On ex-German and ex-Danish Leopard 1A5s, the FCS is the EMES-18, which also equips the much heavier Leopard 2. Ex-Belgian Leopard 1A5s, which account for 30 of Ukraine’s pledged Leopard 1s, have unique SABCA fire-controls.
The EMES-18 after all these years still is one of the best tank fire-controls. It combines a laser rangefinder with a ballistic computer. To aim the gun while stationary, the gunner—peering through his optics—uses a joystick to lay his crosshairs on the target, fires the laser to help the computer calculate range and then fires the gun.
The FCS assists by automatically adjusting the gun’s elevation based on the range data the computer gets from the laser.
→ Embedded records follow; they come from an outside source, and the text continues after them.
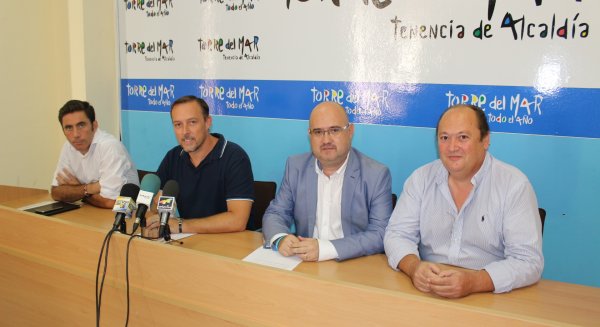 El Ayuntamiento de Vélez suscribe un acuerdo para dinamizar aparcamientos de Torre del Mar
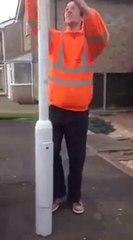 Stuck on a pole - Blague avec un lampadaire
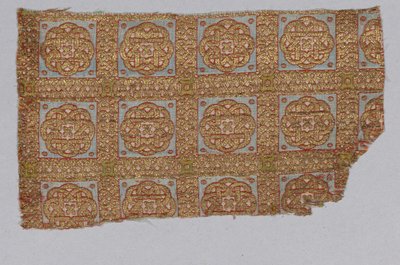 Textilfragment von der Dalmatik des San Valerius von Spanish School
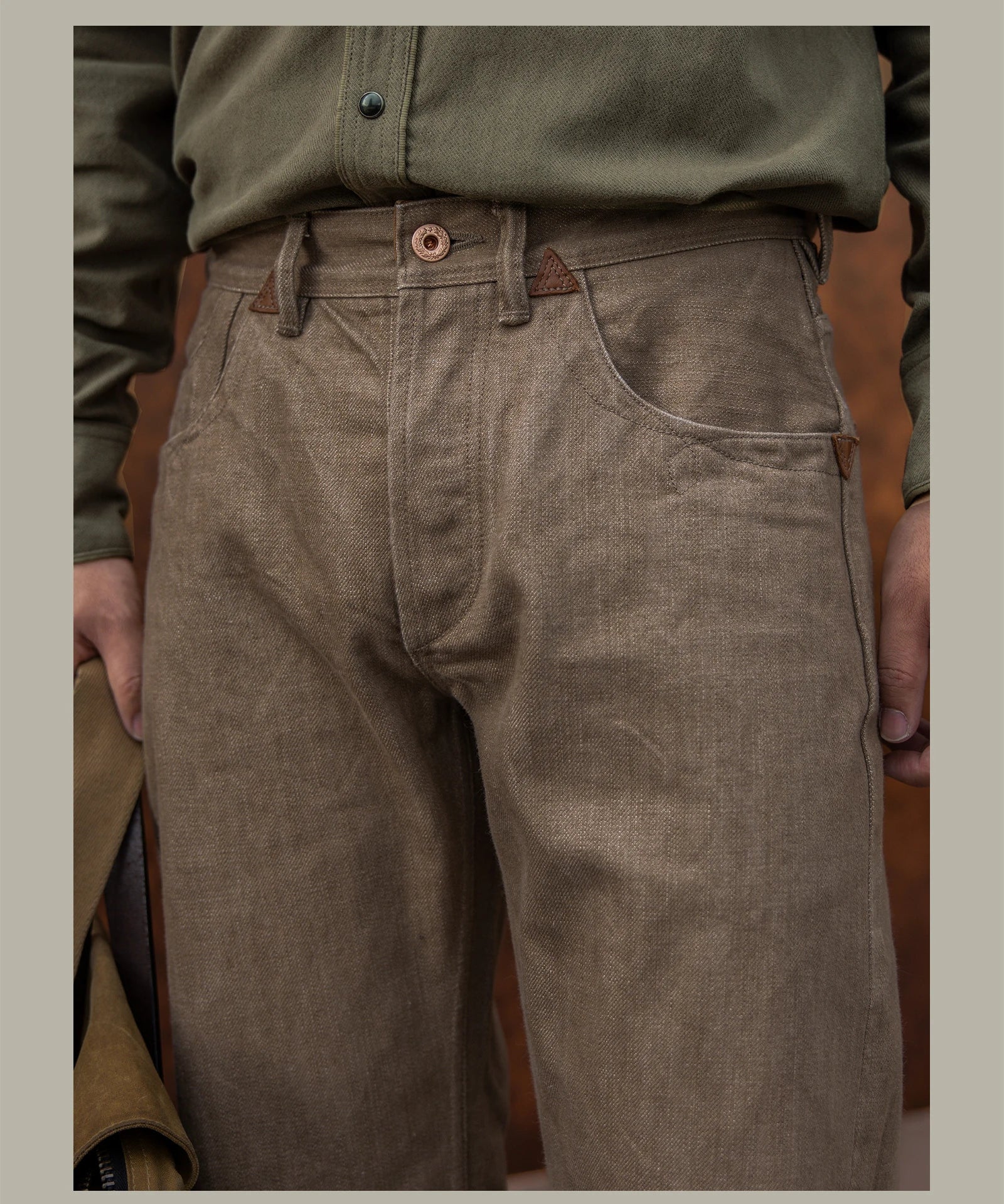 Jeans Homme Droits en Denim Selvedge Kaki, Coupe Ample et Durable, 100% Coton, Style Moderne à Cinq Poches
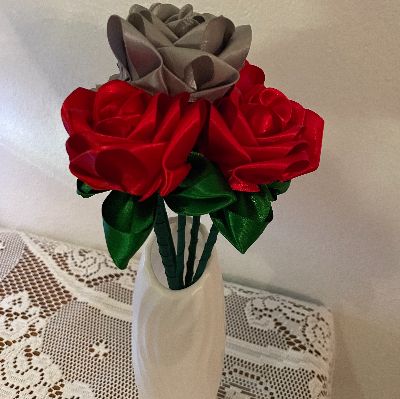 6 roses in a vase item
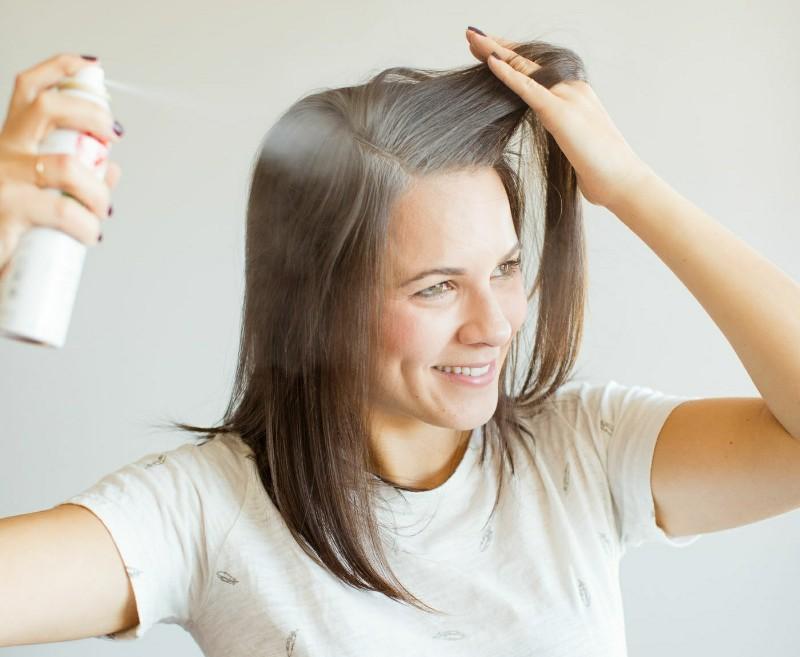 3 Hal Yang Harus Diperhatikan Saat Menggunakan Dry Shampoo Womantalk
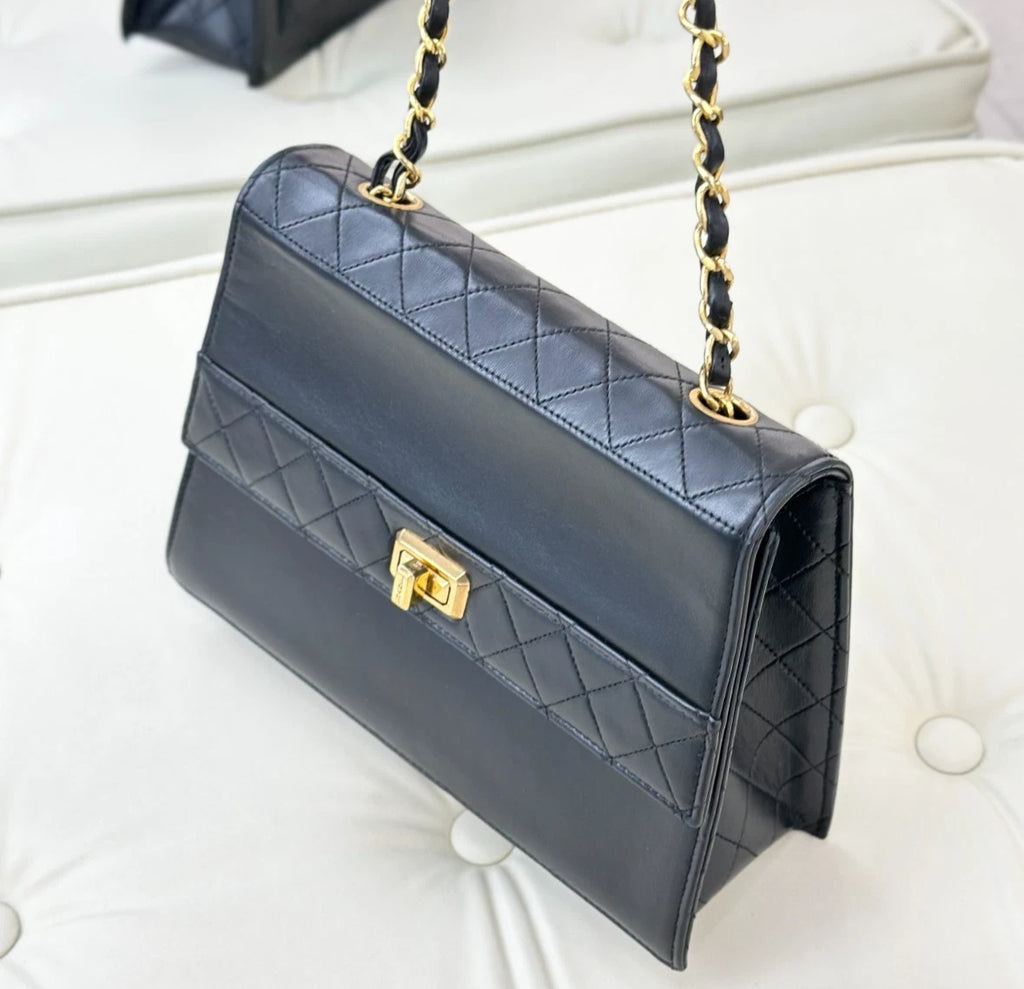 Chanel Classic Flap Vintage Lambskin Shoulder Bag Gold Hardware Women S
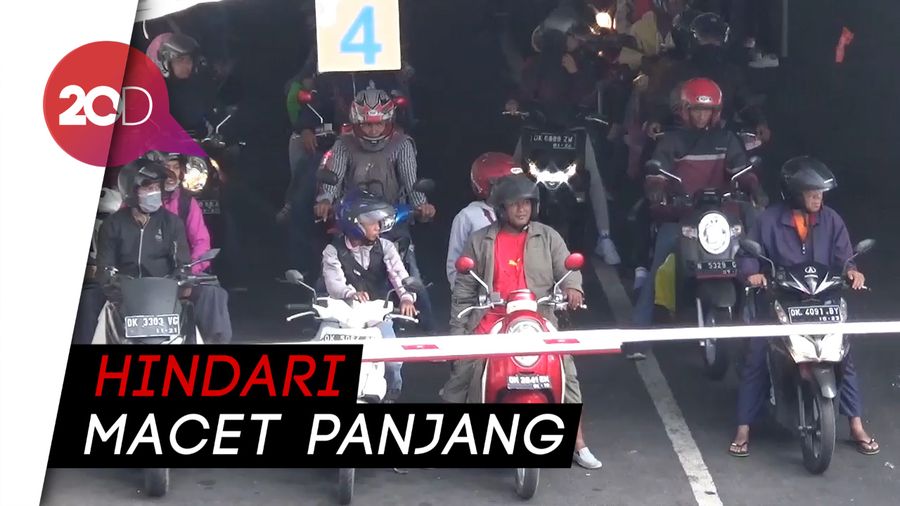 Arus Balik, Kendaraan Roda Dua Padati Pelabuhan Ketapang 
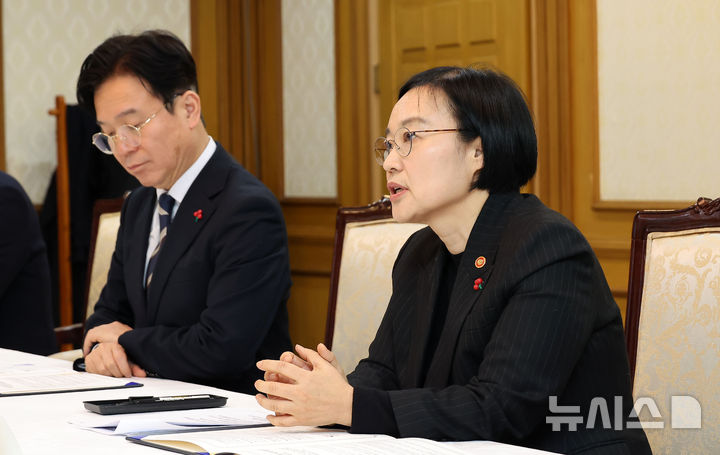 [서울=뉴시스] 김선웅 기자 = 한성숙 중소벤처기업부 장관이 지난 1월 20일 서울 종로구 정부서울청사에서 열린 중소기업·소상공인 지원 활성화 및 청년 일자리 확대를 위한 고용노동부-중소벤처기업부 업무협약식에서 인사말을 하고 있다. (공동취재. 사진은 기사와 직접 관련이 없습니다.) 2026.04.08. photo@newsis.com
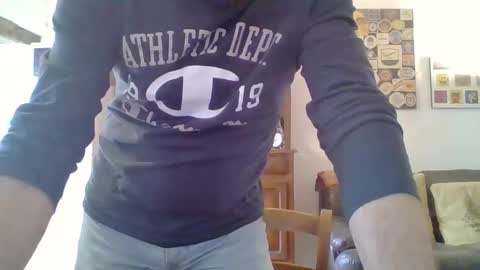 22esserre online show from March 6, 2:03 pm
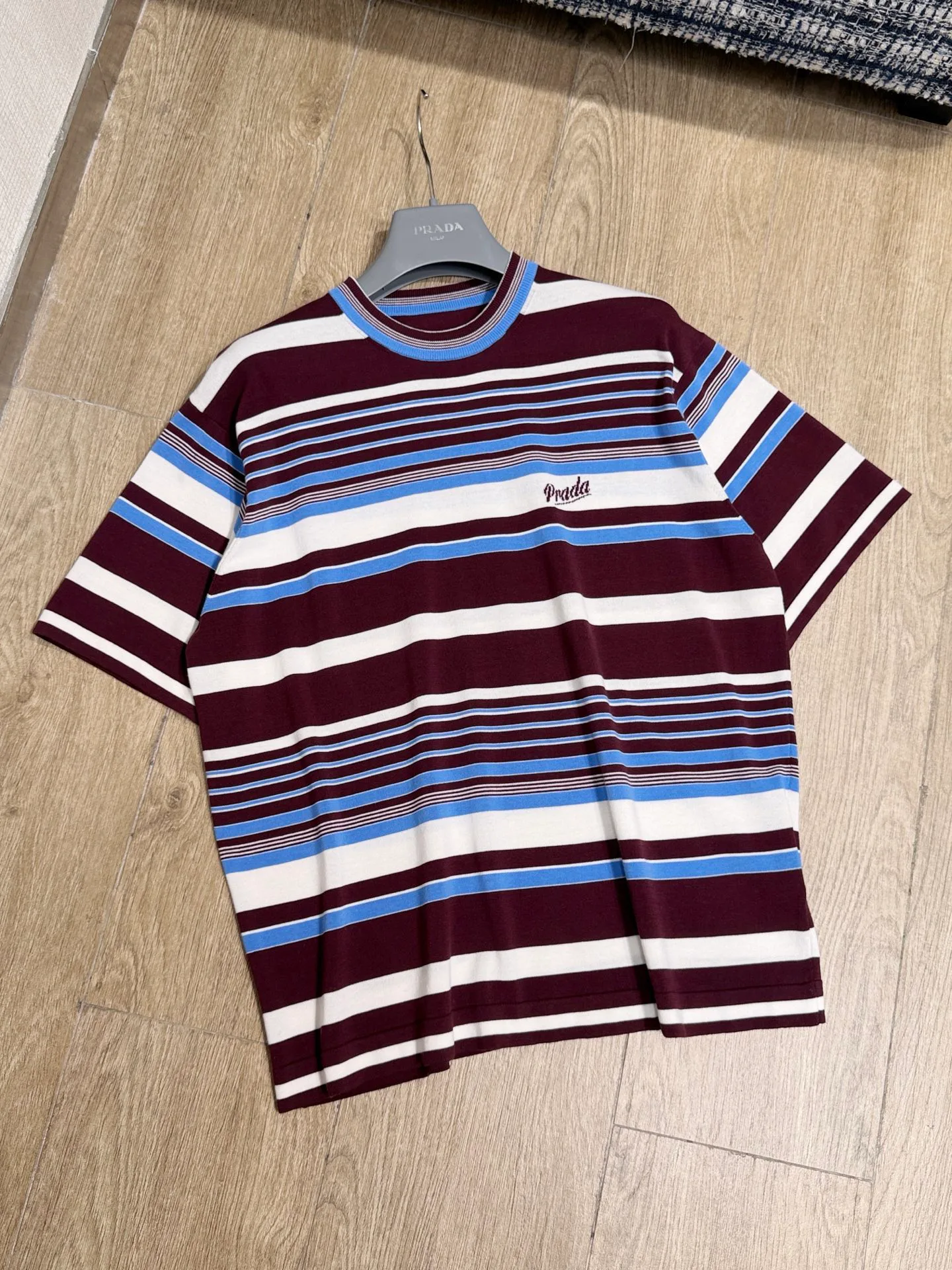 Футболки Женские Prada 11670649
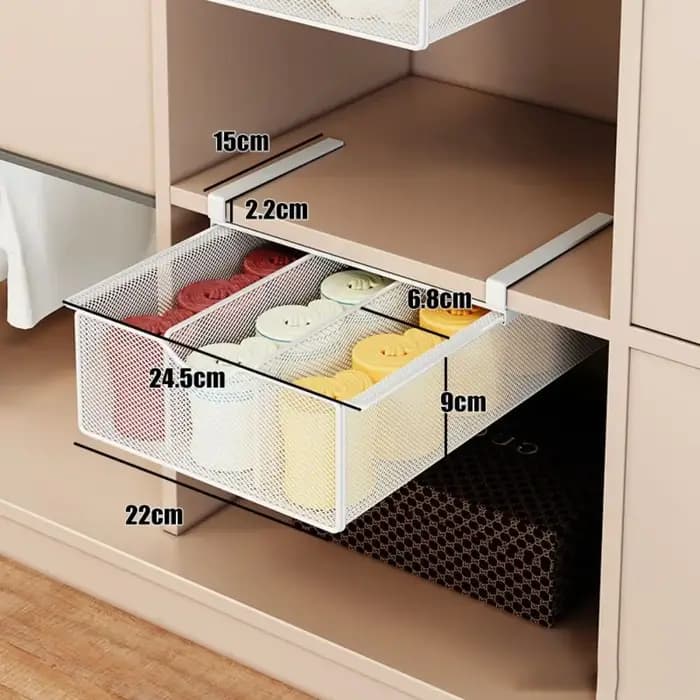 Compartiment de rangement coulissant en maille pour armoire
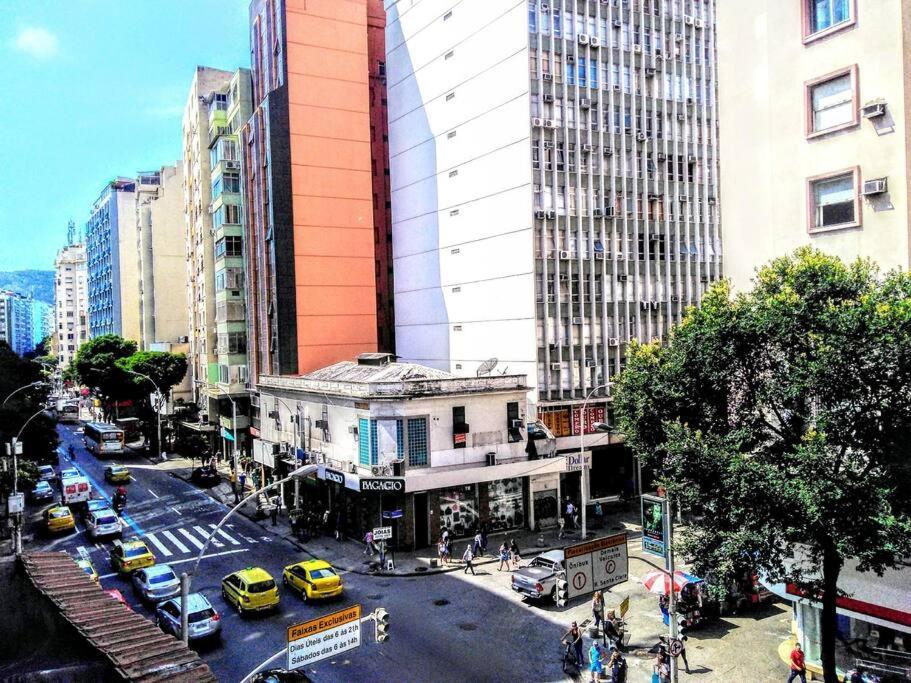 Apartamento Copacabana Saleta, Grande Com Ar Cond Wi-fi A 2 Qds Da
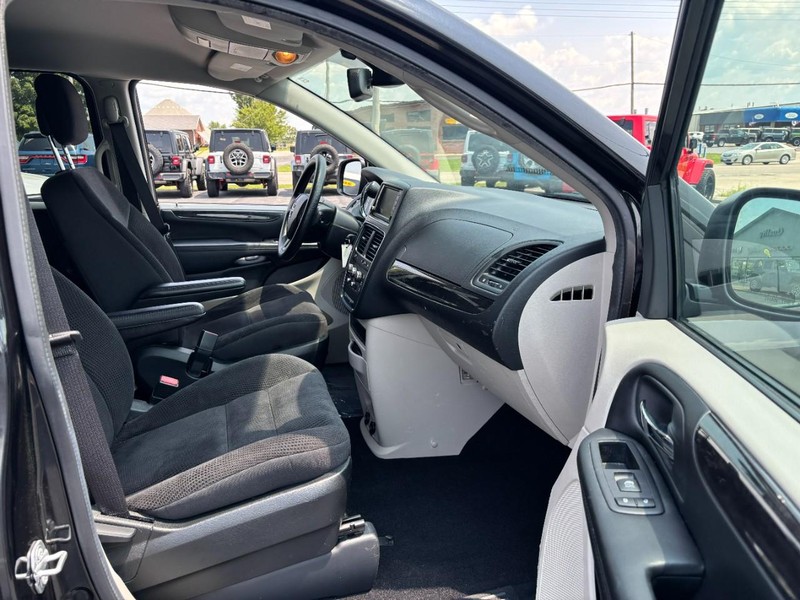 Dodge Grand Caravan Vehicle Image 11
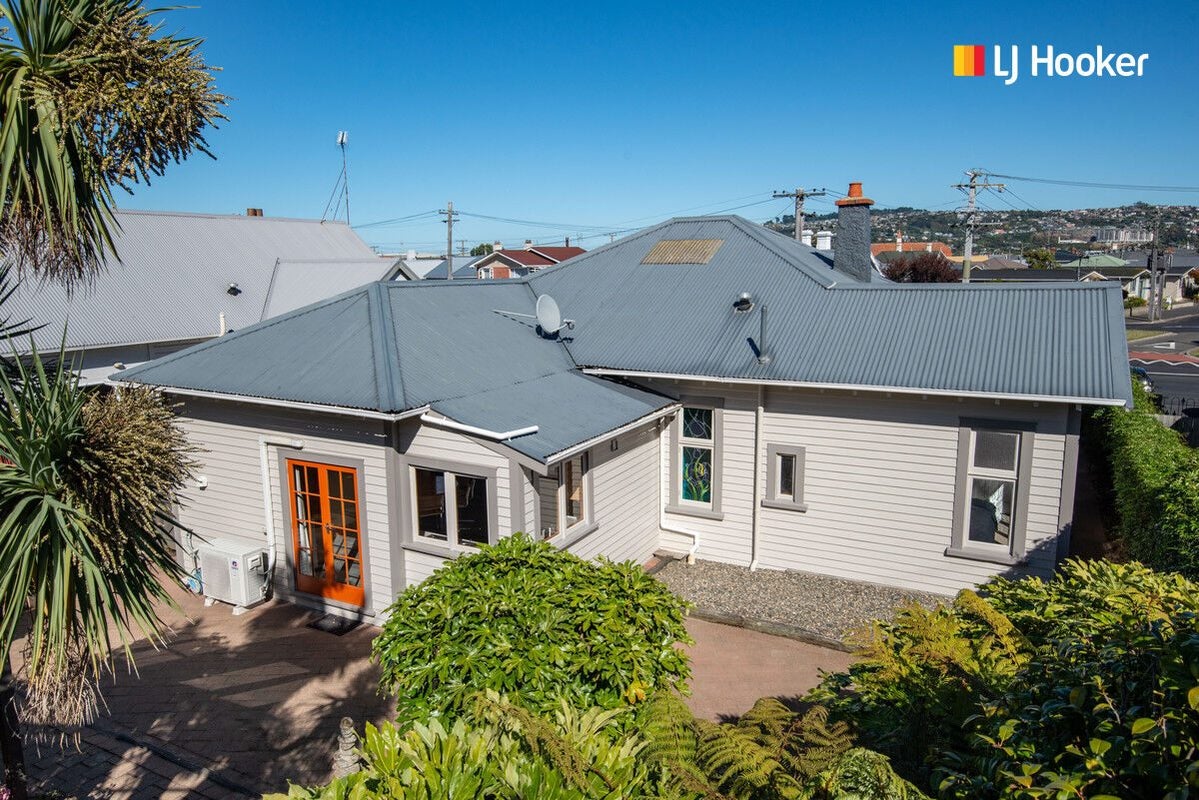 3 Royal Crescent, Saint Kilda, Dunedin - Carousel 1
No need for the gunner manually to calculate the right angle. And the computer is fast, requiring just a second after reading the laser reflection to adjust the gun.
The fire-controls must work a little harder while the tank or its target—or both—is moving. After all, the gunner must lead the shot. Again, the EMES-18 automatically leads the gun by calculating the wind, the air-pressure and—most critically—the target’s motion relative to the tank.
What’s special about the EMES-18 is that it can achieve the latter without data from the laser. Instead, it measures the rotation of the Leopard 1’s turret over a second or two as the gunner holds the crosshairs on the moving target and presses a button.
All the gunner has to do is keep his crosshairs on the enemy long enough for the EMES-18 to crunch the numbers. After that, he fires the laser for elevation and then shoots. Track, laze, blaze—all in quick succession. If the lead is off, he can shoot again without taking the time first to fire the laser.
The EMES-18’s ease-of-use—and thus the Leopard 1A5’s shooting speed—is legendary. While by now all of the latest tanks have fire-controls that automatically adjust elevation and lead, most of them need data from the laser for both adjustments.
And many of them are slower than the EMES-18 is. A T-64 typically shoots no faster than eight rounds a minute despite having an automatic loader. A Leopard 1A5 with its human loader, and fast fire-controls, should manage 10 rounds a minute.
The biggest weakness of the Leopard 1A5 is that it’s thinly armored by modern standards. Additional armor protection, along with a bigger main gun, was the main requirement that drove the development of the 70-ton Leopard 2.
The Leopard 1A5 is light—weighing just over half what a Leopard 2 weighs—and that lightness mostly comes from armor that’s just 70 millimeters thick at its thickest. That’s a tenth the protection that the best Leopard 2 enjoys.
It’s a problem the Brazilian army, which also operates Leopard 1A5s, has addressed with tactics. “Work with what you have,” Brazilian tank officer Adriano Santiago Garcia wrote in a 2020 issue of Armor, the U.S. Army’s official tank journal.
When it comes to the Leopard 1A5, that means putting the tank in a position to snipe at enemy forces with its highly accurate gun while also making every possible effort to protect the tank from return fire. “Seize the high ground,” Garcia stressed. “Use camouflage.”
“Tank commanders must study how to maneuver their own vehicles,” Garcia wrote. “Approach enemy positions while protected at points that permit shooting, and disappear with steady and synchronized maneuver to gain terrain or just create damage.”
What the Ukrainians should not do is what it frequently has done with its Leopard 2s: drive them in small groups, without much infantry support, directly toward Russian positions—often across minefields and artillery and drone kill-zones.
Two hundred Leopard 1A5s is a lot of Leopard 1A5s. But even they will disappear quickly if the Ukrainians don’t deploy them the right way.